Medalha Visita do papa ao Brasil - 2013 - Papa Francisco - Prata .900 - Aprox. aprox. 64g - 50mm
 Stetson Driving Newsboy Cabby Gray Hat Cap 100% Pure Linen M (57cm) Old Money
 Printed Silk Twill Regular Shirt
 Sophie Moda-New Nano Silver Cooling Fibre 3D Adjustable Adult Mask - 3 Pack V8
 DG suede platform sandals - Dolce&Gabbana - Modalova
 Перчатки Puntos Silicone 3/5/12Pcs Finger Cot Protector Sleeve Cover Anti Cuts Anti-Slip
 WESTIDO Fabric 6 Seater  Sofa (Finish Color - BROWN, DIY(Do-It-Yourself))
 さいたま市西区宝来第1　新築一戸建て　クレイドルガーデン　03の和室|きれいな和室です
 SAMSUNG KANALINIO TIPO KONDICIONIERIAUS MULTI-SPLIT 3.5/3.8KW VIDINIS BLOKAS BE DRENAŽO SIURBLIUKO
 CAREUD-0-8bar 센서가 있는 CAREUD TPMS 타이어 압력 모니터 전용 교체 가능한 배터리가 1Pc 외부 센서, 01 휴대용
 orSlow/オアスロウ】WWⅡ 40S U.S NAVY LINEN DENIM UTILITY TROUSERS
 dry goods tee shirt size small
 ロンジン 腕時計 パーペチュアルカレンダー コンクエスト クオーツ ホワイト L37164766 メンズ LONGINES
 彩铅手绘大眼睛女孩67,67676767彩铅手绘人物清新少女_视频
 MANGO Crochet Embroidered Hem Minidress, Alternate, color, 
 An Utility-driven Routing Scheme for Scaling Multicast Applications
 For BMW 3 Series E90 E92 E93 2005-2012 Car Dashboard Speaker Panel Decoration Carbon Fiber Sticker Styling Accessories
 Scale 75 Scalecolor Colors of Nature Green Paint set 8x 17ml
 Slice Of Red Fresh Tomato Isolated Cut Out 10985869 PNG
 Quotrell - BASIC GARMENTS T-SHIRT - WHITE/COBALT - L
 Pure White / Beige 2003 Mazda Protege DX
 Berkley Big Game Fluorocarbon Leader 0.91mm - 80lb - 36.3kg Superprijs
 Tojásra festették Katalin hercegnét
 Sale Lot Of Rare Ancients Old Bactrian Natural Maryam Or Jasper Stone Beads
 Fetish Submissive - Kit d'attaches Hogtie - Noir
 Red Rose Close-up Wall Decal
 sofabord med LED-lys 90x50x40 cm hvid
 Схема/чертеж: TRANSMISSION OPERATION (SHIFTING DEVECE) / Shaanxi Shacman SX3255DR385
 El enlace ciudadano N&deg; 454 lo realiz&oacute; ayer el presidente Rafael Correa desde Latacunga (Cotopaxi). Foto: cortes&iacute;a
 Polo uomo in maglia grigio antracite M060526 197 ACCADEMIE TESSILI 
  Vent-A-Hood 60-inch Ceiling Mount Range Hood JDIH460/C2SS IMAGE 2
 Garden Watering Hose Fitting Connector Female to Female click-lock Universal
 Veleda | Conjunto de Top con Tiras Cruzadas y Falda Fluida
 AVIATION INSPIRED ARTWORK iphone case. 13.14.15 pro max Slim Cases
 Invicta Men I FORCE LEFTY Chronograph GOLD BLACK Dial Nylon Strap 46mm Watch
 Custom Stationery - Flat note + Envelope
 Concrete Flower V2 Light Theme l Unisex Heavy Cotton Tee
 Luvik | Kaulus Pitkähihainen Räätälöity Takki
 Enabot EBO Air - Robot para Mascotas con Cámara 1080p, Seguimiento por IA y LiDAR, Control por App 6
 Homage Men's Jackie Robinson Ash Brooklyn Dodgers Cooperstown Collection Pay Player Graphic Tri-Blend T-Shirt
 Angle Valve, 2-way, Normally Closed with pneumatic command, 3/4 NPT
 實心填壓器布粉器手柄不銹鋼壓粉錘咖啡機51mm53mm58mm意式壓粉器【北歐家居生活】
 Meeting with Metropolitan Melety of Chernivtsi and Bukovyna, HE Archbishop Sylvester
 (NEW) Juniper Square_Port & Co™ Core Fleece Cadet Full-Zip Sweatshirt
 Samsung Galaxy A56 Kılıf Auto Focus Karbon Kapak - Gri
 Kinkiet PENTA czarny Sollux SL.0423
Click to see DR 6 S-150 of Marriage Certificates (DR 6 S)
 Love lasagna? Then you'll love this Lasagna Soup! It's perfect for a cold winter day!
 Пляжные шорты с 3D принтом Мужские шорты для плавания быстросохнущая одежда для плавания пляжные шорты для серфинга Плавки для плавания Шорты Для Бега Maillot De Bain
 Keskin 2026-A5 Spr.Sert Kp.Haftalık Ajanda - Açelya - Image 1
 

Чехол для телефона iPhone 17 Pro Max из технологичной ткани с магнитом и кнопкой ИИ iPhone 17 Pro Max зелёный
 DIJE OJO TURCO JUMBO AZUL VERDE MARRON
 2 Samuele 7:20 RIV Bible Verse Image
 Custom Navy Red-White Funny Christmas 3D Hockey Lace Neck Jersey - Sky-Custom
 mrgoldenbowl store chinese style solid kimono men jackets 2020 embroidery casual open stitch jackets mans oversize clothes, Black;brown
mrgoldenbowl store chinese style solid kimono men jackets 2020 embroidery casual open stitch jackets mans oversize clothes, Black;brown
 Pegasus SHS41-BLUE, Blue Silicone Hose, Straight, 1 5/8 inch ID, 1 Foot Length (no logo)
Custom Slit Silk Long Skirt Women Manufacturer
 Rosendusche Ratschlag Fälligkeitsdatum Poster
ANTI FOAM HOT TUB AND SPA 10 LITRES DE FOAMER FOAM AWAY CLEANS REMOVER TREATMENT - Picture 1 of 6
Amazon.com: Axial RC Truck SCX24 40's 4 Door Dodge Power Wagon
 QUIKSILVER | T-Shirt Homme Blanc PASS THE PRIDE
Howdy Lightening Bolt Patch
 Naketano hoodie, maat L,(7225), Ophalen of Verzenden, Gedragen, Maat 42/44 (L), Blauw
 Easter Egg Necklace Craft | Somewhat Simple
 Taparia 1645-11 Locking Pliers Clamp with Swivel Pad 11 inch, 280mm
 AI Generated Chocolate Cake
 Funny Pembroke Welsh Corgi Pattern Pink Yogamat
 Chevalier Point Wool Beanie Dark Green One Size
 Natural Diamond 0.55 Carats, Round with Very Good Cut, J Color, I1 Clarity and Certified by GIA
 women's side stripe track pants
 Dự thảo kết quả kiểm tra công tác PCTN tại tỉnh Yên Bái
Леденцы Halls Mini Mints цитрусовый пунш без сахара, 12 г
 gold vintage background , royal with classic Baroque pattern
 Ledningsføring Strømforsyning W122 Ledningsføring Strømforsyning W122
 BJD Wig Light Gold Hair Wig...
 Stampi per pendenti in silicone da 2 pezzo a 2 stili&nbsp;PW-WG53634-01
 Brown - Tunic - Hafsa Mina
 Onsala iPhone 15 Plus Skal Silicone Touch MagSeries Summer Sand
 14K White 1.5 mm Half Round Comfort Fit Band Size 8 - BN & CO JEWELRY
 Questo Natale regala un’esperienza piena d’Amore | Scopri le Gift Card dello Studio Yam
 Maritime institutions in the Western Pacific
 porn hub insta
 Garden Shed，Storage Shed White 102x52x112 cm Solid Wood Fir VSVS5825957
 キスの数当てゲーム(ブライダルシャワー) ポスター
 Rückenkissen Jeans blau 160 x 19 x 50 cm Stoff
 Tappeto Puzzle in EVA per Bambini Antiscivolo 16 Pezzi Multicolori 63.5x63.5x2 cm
--------------------------------------------------
Would you report every line of the entries above containing the word "Natural"?

 Sale Lot Of Rare Ancients Old Bactrian Natural Maryam Or Jasper Stone Beads
 Natural Diamond 0.55 Carats, Round with Very Good Cut, J Color, I1 Clarity and Certified by GIA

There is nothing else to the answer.